結晶化が始まるとはちみつの中に白いブツブツが浮かんでいるように見え、カビと勘違いされることも多いですが、劣化ではなく自然な変化です。
はちみつは質の良し悪しに関わらず全て結晶化するものですが、その原因を知っておくことで結晶化を遅らせたり、防ぐことができます。
結晶化は、はちみつに含まれるブドウ糖によって起こります。
はちみつの結晶化は主に温度が原因
はちみつは15度前後が結晶化しやすい温度となっています。
そこから0度までは結晶化が緩やかになります。
そのため、はちみつを冷蔵庫で保存したり、常温で保存していても冬場などは室温が下がって結晶化してしまうことがあります。

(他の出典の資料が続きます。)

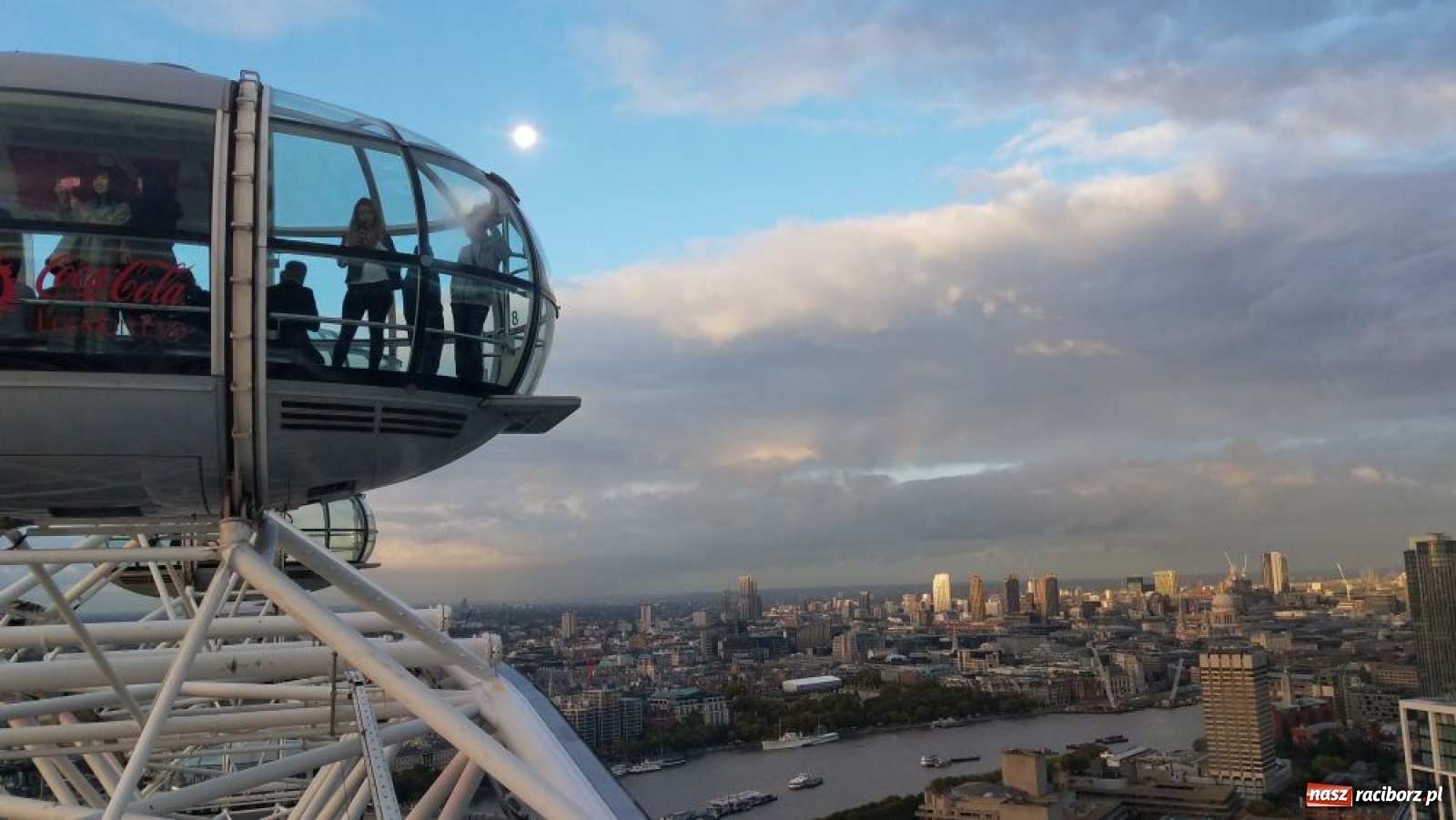 Zdjęcie w galerii na portalu naszraciborz.pl: Brexit ich nie wystraszył. Uczniowie CKZiU nr 1 na praktykach w Londynie wiadomości z regionu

また、空調などによって気温差が激しいと結晶化しやすくなったり、結晶化の進みが早くなるという傾向があります。
さらに、古いはちみつほど水分量が少なくなっていて結晶化しやすくなるので、購入して数年も経つはちみつは、夏に常温で置いておいても結晶化することがあります。
はちみつへの振動も結晶化の原因になる
はちみつに含まれるブドウ糖は振動によって結晶化する性質があるため、容器を振ったり、冷蔵庫・冷凍庫内で保存する間の振動で固まってしまうことがあるのです。
容器を振ってはちみつに空気が混ざってしまうことも結晶化を促進させる原因となります。
チューブ式のはちみつなど、中身が出てこないときについ振ってしまいがちですが、実は逆効果となる行動なのです。
固まるはちみつと固まりづらいはちみつの違い
はちみつに含まれる糖類には果糖とブドウ糖がありますが、含まれているブドウ糖が多いほど結晶化しやすい特徴があります。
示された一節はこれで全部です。